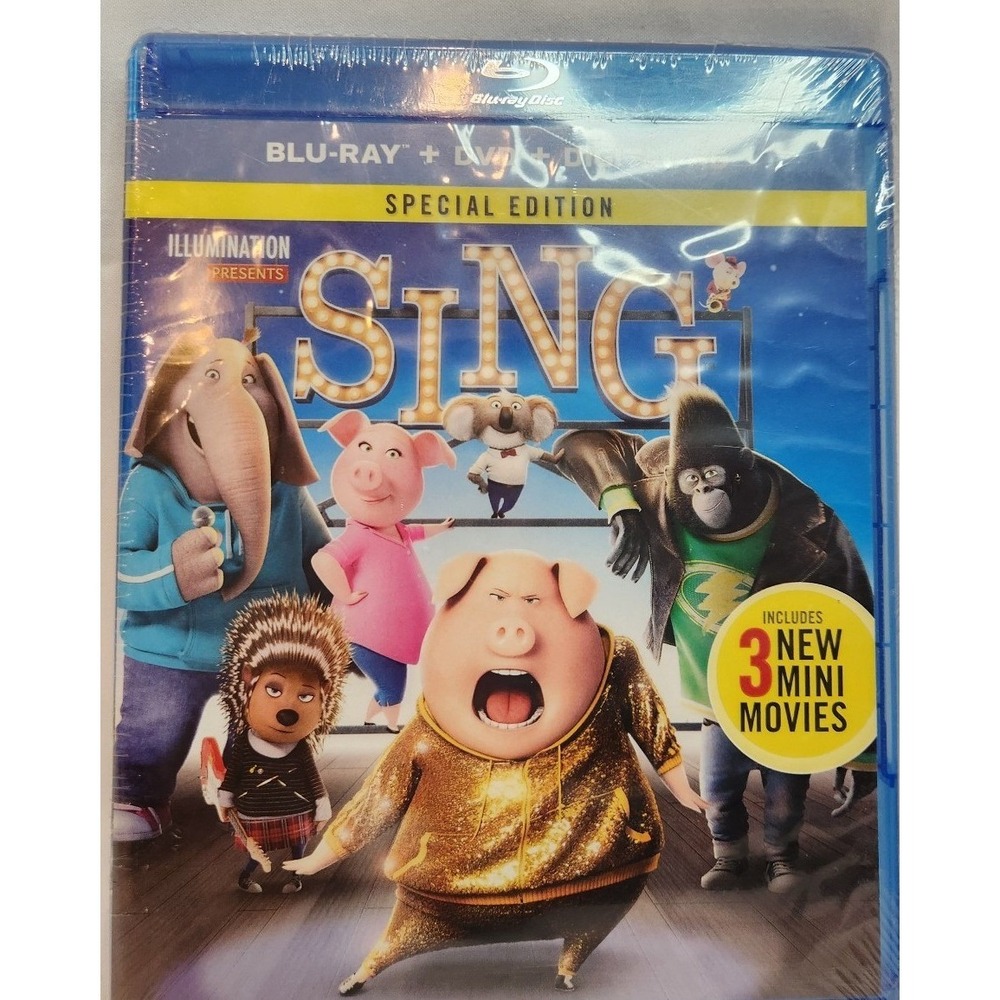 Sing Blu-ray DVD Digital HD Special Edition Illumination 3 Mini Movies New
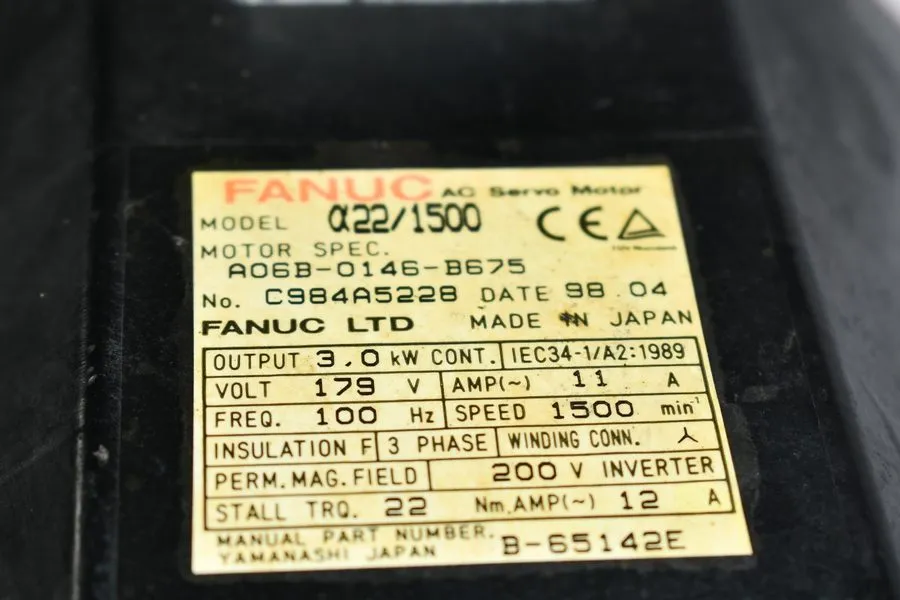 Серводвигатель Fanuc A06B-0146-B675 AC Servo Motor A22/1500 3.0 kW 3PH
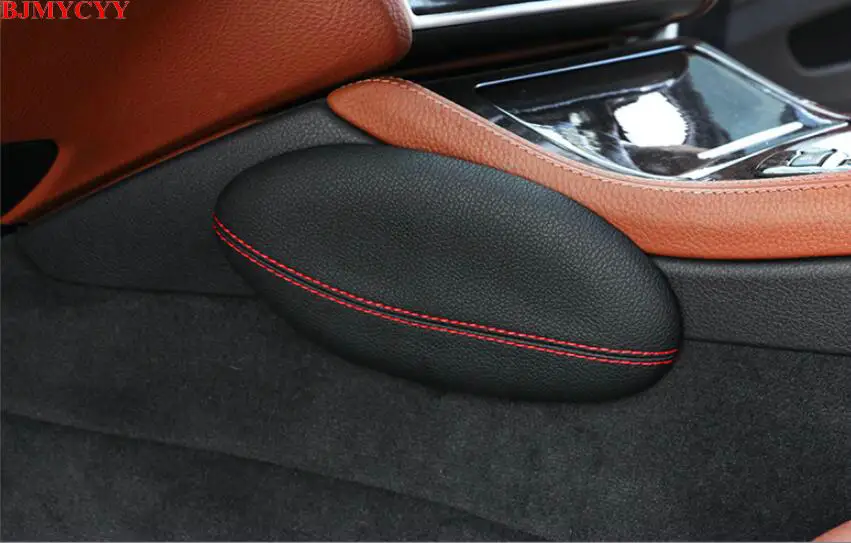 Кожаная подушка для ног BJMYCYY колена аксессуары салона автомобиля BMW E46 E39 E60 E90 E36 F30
****************
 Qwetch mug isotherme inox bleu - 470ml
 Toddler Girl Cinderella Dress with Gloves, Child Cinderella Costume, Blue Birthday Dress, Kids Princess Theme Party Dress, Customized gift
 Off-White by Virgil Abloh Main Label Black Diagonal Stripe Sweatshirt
****************
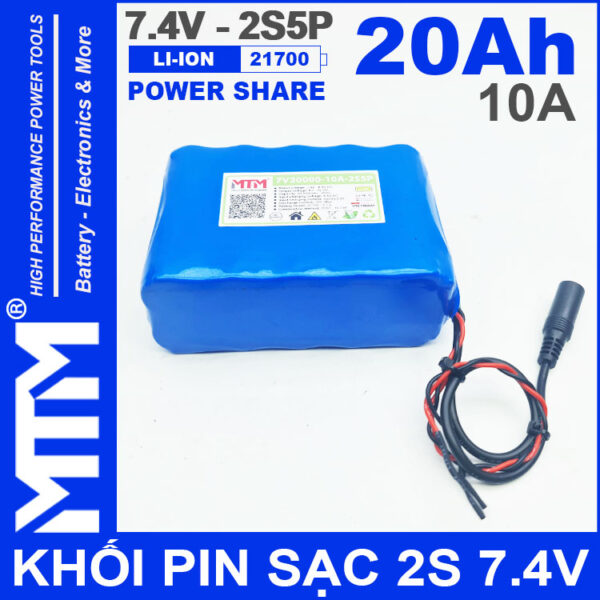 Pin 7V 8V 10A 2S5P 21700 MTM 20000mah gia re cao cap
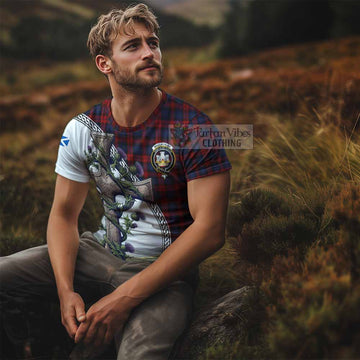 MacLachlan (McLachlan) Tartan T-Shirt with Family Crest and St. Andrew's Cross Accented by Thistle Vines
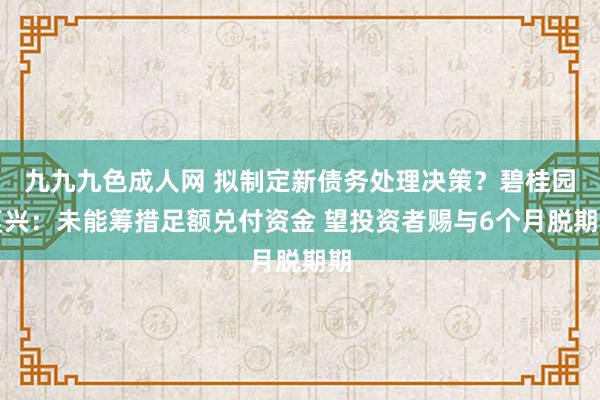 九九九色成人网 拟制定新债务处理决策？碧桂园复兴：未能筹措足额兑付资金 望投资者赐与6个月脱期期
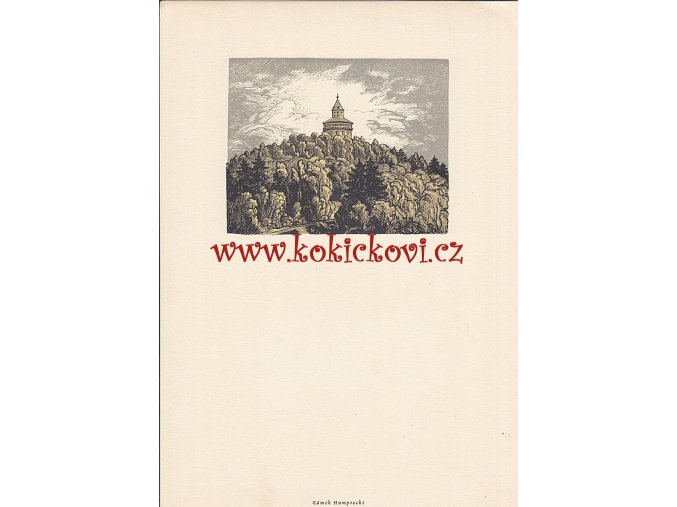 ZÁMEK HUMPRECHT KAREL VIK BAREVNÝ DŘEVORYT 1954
****************
**Work instruction:**
Using the records above, repeat exactly the run of lines that starts with the line with "Серводвигатель Fanuc A06B-0146-B675" and goes on through the line with "Кожаная подушка для"; omit each picture.

**Answer space:**
 Серводвигатель Fanuc A06B-0146-B675 AC Servo Motor A22/1500 3.0 kW 3PH
 Кожаная подушка для ног BJMYCYY колена аксессуары салона автомобиля BMW E46 E39 E60 E90 E36 F30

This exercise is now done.